Iowa State University faculty to lead monitoring of Black Hawk Lake watershed

AMES, Iowa – A new monitoring effort of the Black Hawk Lake watershed by Iowa State University researchers will answer some lingering questions regarding the long-term impact of land management practices on water quality.

Michelle Lynn Soupir, an associate professor of agricultural and biosystems engineering, said the five-year duration of the study will allow the research team to take a longer look at the watershed than typical studies that last between one and three years. The longer-term approach will paint a more complete picture of the impact of land management practices on surrounding farmland, which sometimes take years to significantly affect water quality.

The wealth of long-term data to be collected during the study could have ramifications for impaired watersheds across the state, Soupir said.

“There’s a lag time between when you implement land use practices and when you start to see water quality improvement,” she said. “We need a better understanding of that lag time, and five years of data will help fill in some of those gaps.”

The research is funded by a grant totaling $461,661 awarded in July by the Iowa Department of Natural Resources. The funds originally came from the Environmental Protection Agency under Section 319 of the Clean Water Act.

Black Hawk Lake covers around 957 acres near the city of Lake View in Sac County. The Iowa DNR has declared the lake an impaired waterway due in large part to sediment from nearby farmland washing into the watershed. The lake also suffers from algae and turbidity problems.

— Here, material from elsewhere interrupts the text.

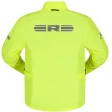 КУРТКА RICHA MONSOON RAIN black/yellow fluo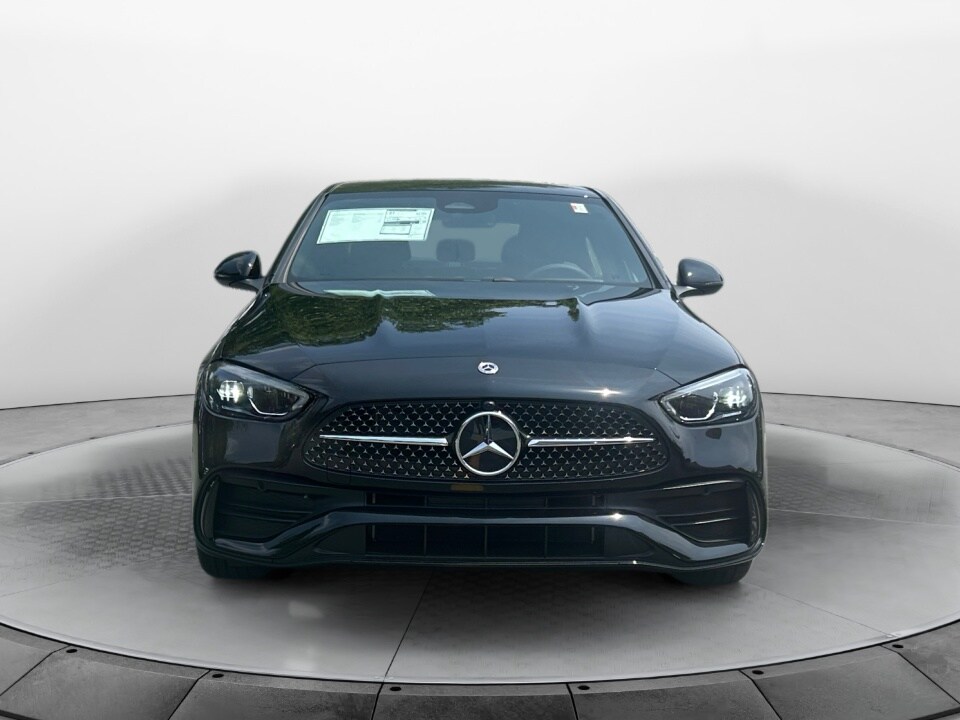 2025 Mercedes Benz C 300 4MATIC photo 2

The Iowa DNR has undertaken efforts to rehabilitate the lake in recent years, and the ISU study will aid in the process, Soupir said.

The research team has chosen three sites in the 13,156-acre watershed where automated monitors will be installed next week to collect water samples and measure the flow of water through the area. The monitoring sites are located on land showcasing a range of land use practices that affect water quality, such as drainage tiles, terraces and grass waterways.

“Although the lake is an impaired body, the community has a history of farmers and landowners implementing land management practices to improve the health of the lake,” said Soupir, who teaches a course in watershed monitoring every other academic year. “That’ll make this a particularly interesting case study.”

The samplers will use modems that trigger the cell phones of the researchers to let them know when runoff has occurred and it’s time to collect the water samples. The samples will be brought back to campus where they’ll be tested in a laboratory for the presence of nitrogen, phosphorous and suspended solids, Soupir said.

The effort will tap the expertise of several faculty members in the ISU Agricultural and Biosystems Engineering Department. Matthew Helmers, a professor in the department, will oversee aspects of the research involving nutrients and nitrates in the water samples. He’ll also provide expertise on the impact of drainage tiles, which affect an extensive portion of the watershed.

Amy Kaleita, an associate professor of agricultural and biosystems engineering, will handle much of the statistical analysis and design of the water monitoring while Leigh Ann Long, a research associate in the department, will oversee sample collection and analysis, quality assurance, quality control and data management. And Carl Pederson, an agricultural specialist, designed the field installations where the samplers will be placed.